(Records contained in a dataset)
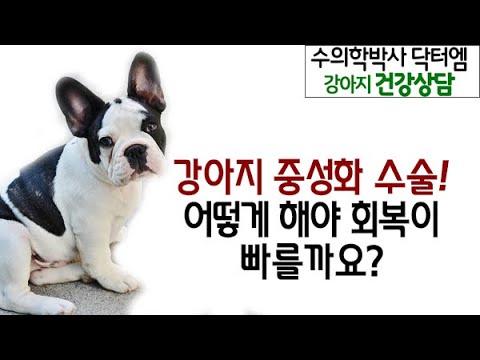 강아지 중성화 수술의 장단점을 알아볼까요?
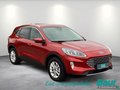 Daumennagel 2 - Ford Kuga 2.5 Duratec PHEV TITANIUM AHK el. Heckkl.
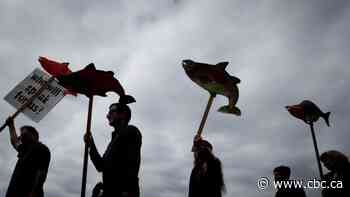Watchdog finds RCMP's policing of anti-pipeline protesters reasonable — but sees gaps in surveillance policies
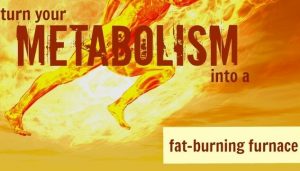 fat burning body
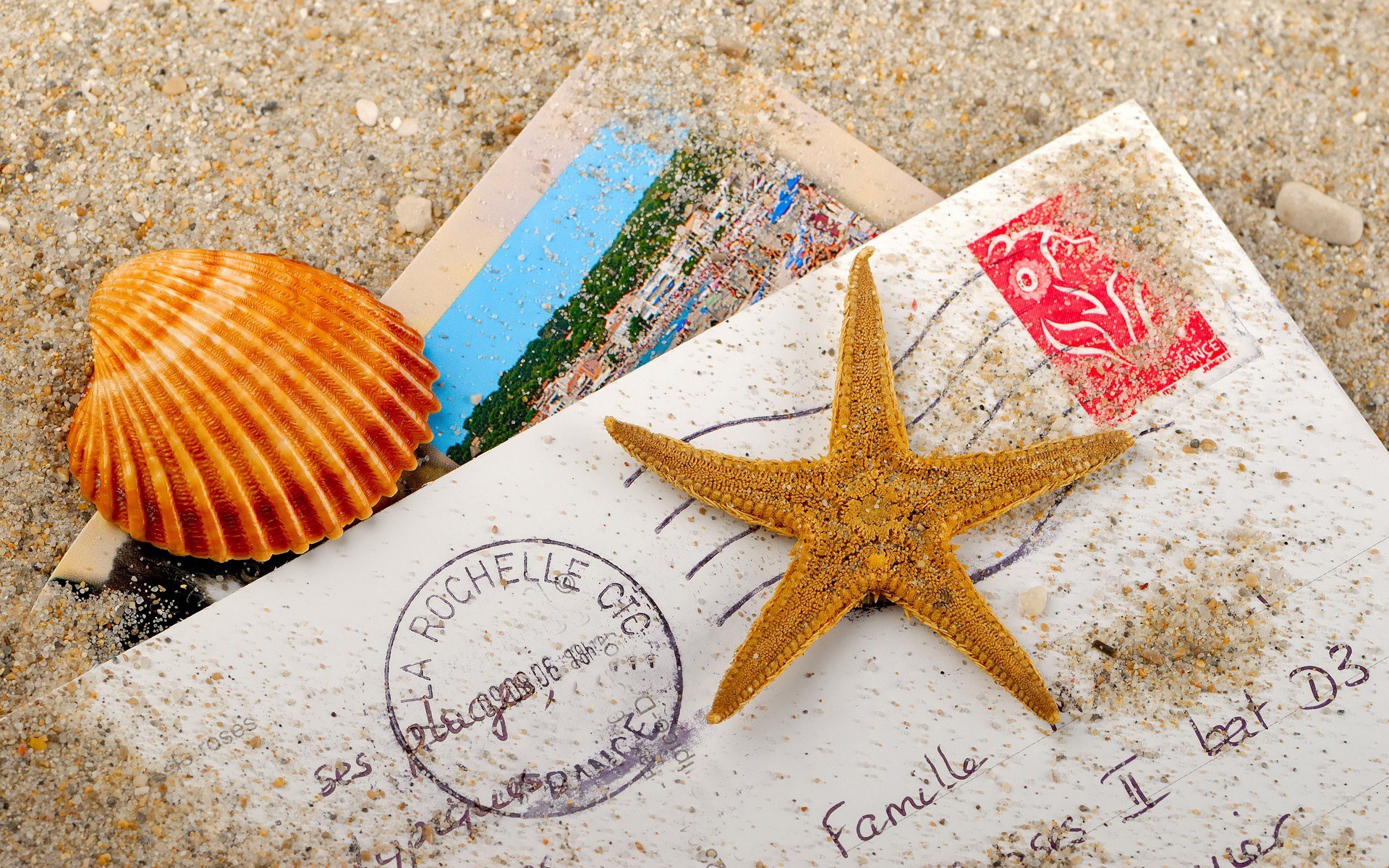 Postcard with seashell and starfish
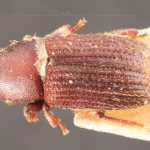female | Image Author: TH Atkinson | Florida State Collection of Arthropods, Gainesville, Florida | syntype Hylastes contractus  Chapuis (one of two) | syntype | São Paulo (estado) | Collection: Institut Royal des Sciences Naturelles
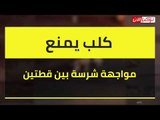 كلب يمنع مواجهة شرسة بين قطتين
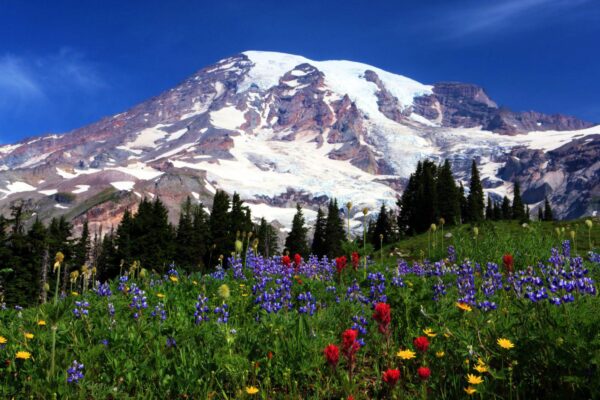 Washington State Top 10 Things to See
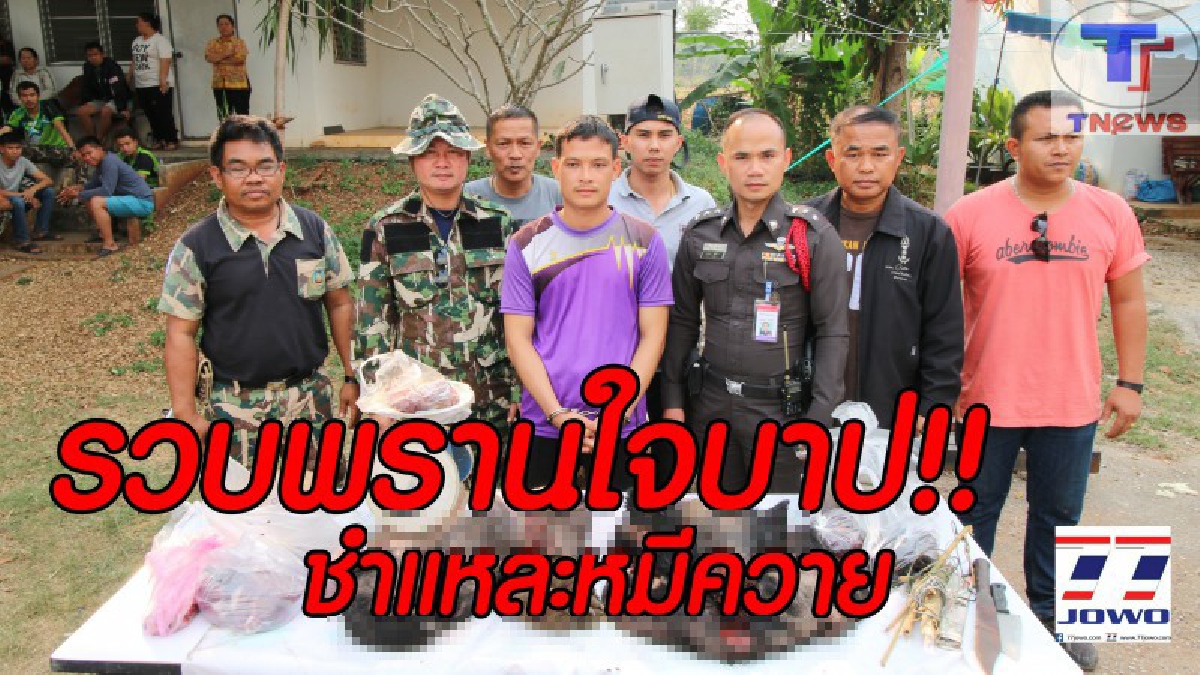 ไม่ใหญ่เหมือน "เจ้าสัว"..ก็เข้าคุกไป !! รวบแล้วพรานป่าโคราช ลักลอบดักหมีควาย ชำแหละเอาอุ้งตีนในพื้นที่เขตป่าเขาแผงม้า (คลิป)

** Description of the task **
Please write out, word for word, each line from the one with "Watchdog finds RCMP's" to the last line of the data, keeping both ends and omitting pictures.

** Exercise result **
Watchdog finds RCMP's policing of anti-pipeline protesters reasonable — but sees gaps in surveillance policies
 fat burning body
 Postcard with seashell and starfish
female | Image Author: TH Atkinson | Florida State Collection of Arthropods, Gainesville, Florida | syntype Hylastes contractus  Chapuis (one of two) | syntype | São Paulo (estado) | Collection: Institut Royal des Sciences Naturelles
 كلب يمنع مواجهة شرسة بين قطتين
 Washington State Top 10 Things to See
 ไม่ใหญ่เหมือน "เจ้าสัว"..ก็เข้าคุกไป !! รวบแล้วพรานป่าโคราช ลักลอบดักหมีควาย ชำแหละเอาอุ้งตีนในพื้นที่เขตป่าเขาแผงม้า (คลิป)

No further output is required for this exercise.